== ENTRIES SUPPLIED ==

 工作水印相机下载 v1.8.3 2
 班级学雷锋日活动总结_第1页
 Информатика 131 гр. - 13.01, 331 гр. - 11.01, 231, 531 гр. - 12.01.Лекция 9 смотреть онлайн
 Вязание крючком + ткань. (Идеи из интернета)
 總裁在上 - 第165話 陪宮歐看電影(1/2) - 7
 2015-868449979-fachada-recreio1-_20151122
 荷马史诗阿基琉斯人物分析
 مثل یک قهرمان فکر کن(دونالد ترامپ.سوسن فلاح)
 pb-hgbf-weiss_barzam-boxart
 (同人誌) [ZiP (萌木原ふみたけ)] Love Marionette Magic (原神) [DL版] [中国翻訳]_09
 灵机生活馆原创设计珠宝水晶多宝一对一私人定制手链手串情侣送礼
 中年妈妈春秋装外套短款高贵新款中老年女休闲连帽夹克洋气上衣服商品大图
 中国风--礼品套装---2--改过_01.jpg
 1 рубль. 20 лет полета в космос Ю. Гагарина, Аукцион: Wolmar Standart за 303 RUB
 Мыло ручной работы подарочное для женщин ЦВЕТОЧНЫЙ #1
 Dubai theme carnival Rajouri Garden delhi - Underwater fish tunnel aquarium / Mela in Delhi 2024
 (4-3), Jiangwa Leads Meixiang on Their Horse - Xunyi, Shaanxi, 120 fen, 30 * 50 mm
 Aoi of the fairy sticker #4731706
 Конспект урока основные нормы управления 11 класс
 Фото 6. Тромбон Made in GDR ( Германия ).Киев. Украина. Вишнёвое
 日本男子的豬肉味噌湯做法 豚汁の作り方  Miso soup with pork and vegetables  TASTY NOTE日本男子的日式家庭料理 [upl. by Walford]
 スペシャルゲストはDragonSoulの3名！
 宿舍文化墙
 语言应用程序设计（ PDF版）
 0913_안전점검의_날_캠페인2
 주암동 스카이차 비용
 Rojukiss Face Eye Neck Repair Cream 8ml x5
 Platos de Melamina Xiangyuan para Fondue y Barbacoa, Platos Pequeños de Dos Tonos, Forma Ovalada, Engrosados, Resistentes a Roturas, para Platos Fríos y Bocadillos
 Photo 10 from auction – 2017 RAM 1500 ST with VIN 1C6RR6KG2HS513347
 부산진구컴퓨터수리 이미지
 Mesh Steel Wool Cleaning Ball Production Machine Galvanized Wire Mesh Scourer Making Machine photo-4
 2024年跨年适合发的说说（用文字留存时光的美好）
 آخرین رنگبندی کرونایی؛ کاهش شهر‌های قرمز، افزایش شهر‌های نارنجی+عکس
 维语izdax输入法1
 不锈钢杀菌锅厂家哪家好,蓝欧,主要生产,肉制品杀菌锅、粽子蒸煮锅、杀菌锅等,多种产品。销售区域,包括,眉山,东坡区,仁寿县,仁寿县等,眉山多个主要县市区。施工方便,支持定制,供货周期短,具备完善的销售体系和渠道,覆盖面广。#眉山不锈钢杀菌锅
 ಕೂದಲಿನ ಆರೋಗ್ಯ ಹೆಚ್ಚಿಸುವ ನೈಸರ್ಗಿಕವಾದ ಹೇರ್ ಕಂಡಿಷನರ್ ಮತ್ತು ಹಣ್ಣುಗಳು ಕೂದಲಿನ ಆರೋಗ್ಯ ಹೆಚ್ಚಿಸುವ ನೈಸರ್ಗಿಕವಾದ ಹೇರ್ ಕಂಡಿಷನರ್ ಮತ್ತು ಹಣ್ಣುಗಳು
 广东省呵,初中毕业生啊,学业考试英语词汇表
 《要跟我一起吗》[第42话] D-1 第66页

===

TASK PROMPT:
Set every entry down verbatim.

RESPONSE TO THIS EXERCISE:
 工作水印相机下载 v1.8.3 2
 班级学雷锋日活动总结_第1页
 Информатика 131 гр. - 13.01, 331 гр. - 11.01, 231, 531 гр. - 12.01.Лекция 9 смотреть онлайн
 Вязание крючком + ткань. (Идеи из интернета)
 總裁在上 - 第165話 陪宮歐看電影(1/2) - 7
 2015-868449979-fachada-recreio1-_20151122
 荷马史诗阿基琉斯人物分析
 مثل یک قهرمان فکر کن(دونالد ترامپ.سوسن فلاح)
 pb-hgbf-weiss_barzam-boxart
 (同人誌) [ZiP (萌木原ふみたけ)] Love Marionette Magic (原神) [DL版] [中国翻訳]_09
 灵机生活馆原创设计珠宝水晶多宝一对一私人定制手链手串情侣送礼
 中年妈妈春秋装外套短款高贵新款中老年女休闲连帽夹克洋气上衣服商品大图
 中国风--礼品套装---2--改过_01.jpg
 1 рубль. 20 лет полета в космос Ю. Гагарина, Аукцион: Wolmar Standart за 303 RUB
 Мыло ручной работы подарочное для женщин ЦВЕТОЧНЫЙ #1
 Dubai theme carnival Rajouri Garden delhi - Underwater fish tunnel aquarium / Mela in Delhi 2024
 (4-3), Jiangwa Leads Meixiang on Their Horse - Xunyi, Shaanxi, 120 fen, 30 * 50 mm
 Aoi of the fairy sticker #4731706
 Конспект урока основные нормы управления 11 класс
 Фото 6. Тромбон Made in GDR ( Германия ).Киев. Украина. Вишнёвое
 日本男子的豬肉味噌湯做法 豚汁の作り方  Miso soup with pork and vegetables  TASTY NOTE日本男子的日式家庭料理 [upl. by Walford]
 スペシャルゲストはDragonSoulの3名！
 宿舍文化墙
 语言应用程序设计（ PDF版）
 0913_안전점검의_날_캠페인2
 주암동 스카이차 비용
 Rojukiss Face Eye Neck Repair Cream 8ml x5
 Platos de Melamina Xiangyuan para Fondue y Barbacoa, Platos Pequeños de Dos Tonos, Forma Ovalada, Engrosados, Resistentes a Roturas, para Platos Fríos y Bocadillos
 Photo 10 from auction – 2017 RAM 1500 ST with VIN 1C6RR6KG2HS513347
 부산진구컴퓨터수리 이미지
 Mesh Steel Wool Cleaning Ball Production Machine Galvanized Wire Mesh Scourer Making Machine photo-4
 2024年跨年适合发的说说（用文字留存时光的美好）
 آخرین رنگبندی کرونایی؛ کاهش شهر‌های قرمز، افزایش شهر‌های نارنجی+عکس
 维语izdax输入法1
 不锈钢杀菌锅厂家哪家好,蓝欧,主要生产,肉制品杀菌锅、粽子蒸煮锅、杀菌锅等,多种产品。销售区域,包括,眉山,东坡区,仁寿县,仁寿县等,眉山多个主要县市区。施工方便,支持定制,供货周期短,具备完善的销售体系和渠道,覆盖面广。#眉山不锈钢杀菌锅
 ಕೂದಲಿನ ಆರೋಗ್ಯ ಹೆಚ್ಚಿಸುವ ನೈಸರ್ಗಿಕವಾದ ಹೇರ್ ಕಂಡಿಷನರ್ ಮತ್ತು ಹಣ್ಣುಗಳು ಕೂದಲಿನ ಆರೋಗ್ಯ ಹೆಚ್ಚಿಸುವ ನೈಸರ್ಗಿಕವಾದ ಹೇರ್ ಕಂಡಿಷನರ್ ಮತ್ತು ಹಣ್ಣುಗಳು
 广东省呵,初中毕业生啊,学业考试英语词汇表
 《要跟我一起吗》[第42话] D-1 第66页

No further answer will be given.